Information provided:

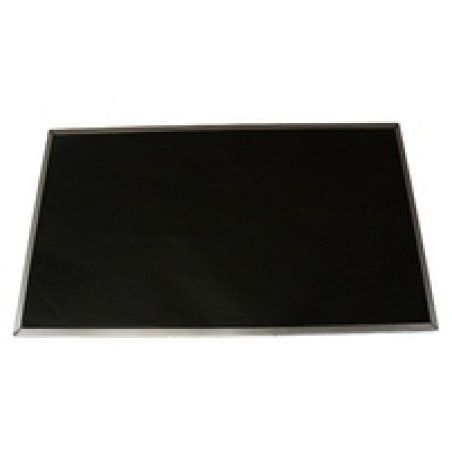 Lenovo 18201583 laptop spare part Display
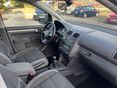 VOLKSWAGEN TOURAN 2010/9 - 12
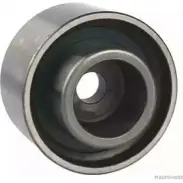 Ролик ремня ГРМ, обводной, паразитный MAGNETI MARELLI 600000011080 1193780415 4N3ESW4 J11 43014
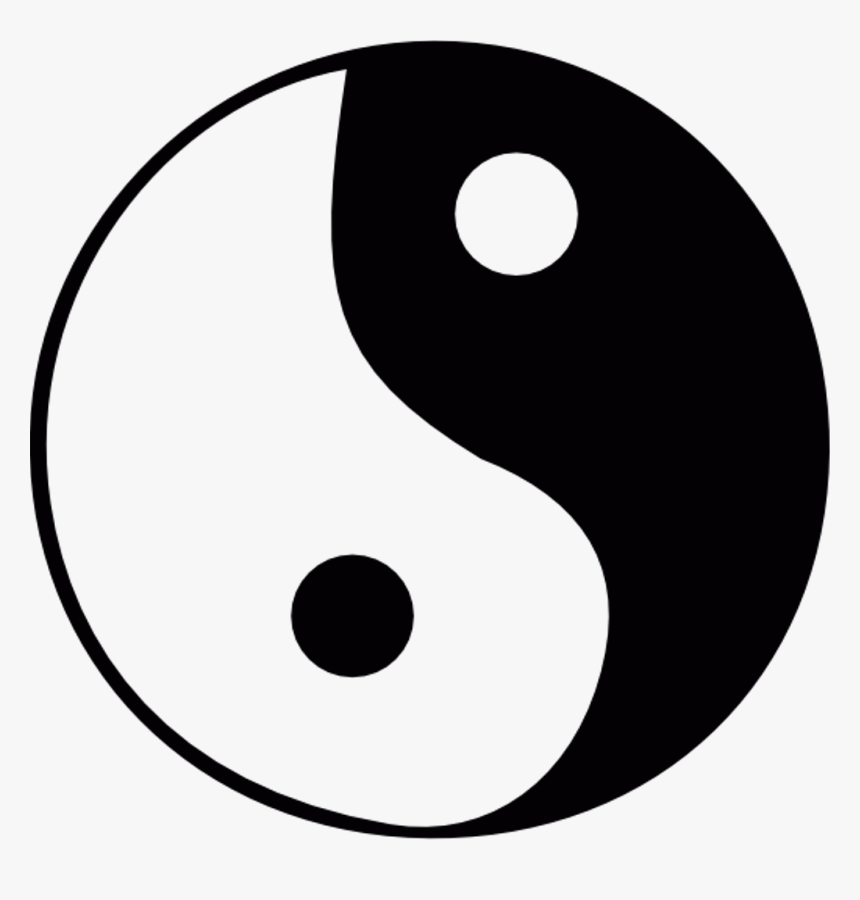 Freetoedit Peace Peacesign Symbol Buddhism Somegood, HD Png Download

Exercise goal: Reprint the listing above exactly, without images.

Problem solution:
 Lenovo 18201583 laptop spare part Display
 VOLKSWAGEN TOURAN 2010/9 - 12
 Ролик ремня ГРМ, обводной, паразитный MAGNETI MARELLI 600000011080 1193780415 4N3ESW4 J11 43014
 Freetoedit Peace Peacesign Symbol Buddhism Somegood, HD Png Download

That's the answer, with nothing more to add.